While growing up, vacations were something that we looked forward to but they came with a catch. Mother would give us a list of things to do during the entire holidays.
The frequency, the manner and the intensity with which we pursued these activities were left to us. Because we grew up in small towns, the bane of vacations — such as summer camps and holiday crash courses — were largely absent from our lives. Yes, we know how lucky we were.
There was only one rule we had to follow. It was that we would never whine about ‘being bored’. This is what that list was supposed to be about — the omnipresent answer to the dreaded question, ‘What can we do, we are bored?’ Now, on the other side of the fence, we realise that the question is scary. We are running out of things to provide, and ideas to keep our kids engaged.
At some point, there has been a constant hammering of hedonism in the young brains and when they are faced with a stretch of time that cannot be filled with any purpose, they don’t know how to handle it. I realised this when my daughter, bored out of her wits for five minutes, began ‘The Whine’ during her Christmas holidays.
Passing the afternoons on a hammock, staring at the foliage above or just sitting in the garden and plucking the grass without any purpose was a luxury, I realise.
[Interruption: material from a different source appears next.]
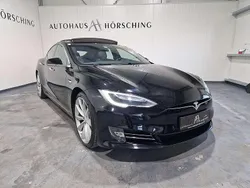Schwarz Gebraucht 2017 Tesla Model S Limousine | € 19.999 (Superpreis)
Now I barely have time to get a meal. Recalling how we munched on the countless sandwiches that mother provided us in our makeshift boats, homes or tents — made out of garden chairs and covered with bedsheets — is exhilarating today.
To sip the lemonade or milkshake, to swirl the drink around in the mouth, to just sit on the garden steps watching the dusk chase the day away, exhausted from the adventures of tree-climbing, butterfly-chasing or spinning fantastic, unbelievably impossible stories, were a luxury.
Many of us fell in love with reading, sketching, staring at space, music and making things, because we had the opportunity to get bored.
There is a privilege in boredom.
In it, there is proof of having time at hand, but more. Boredom shifts the focus of a person to look inwards — to draw from the self the rigours of entertainment.
If nothing else, boredom does expand our imagination.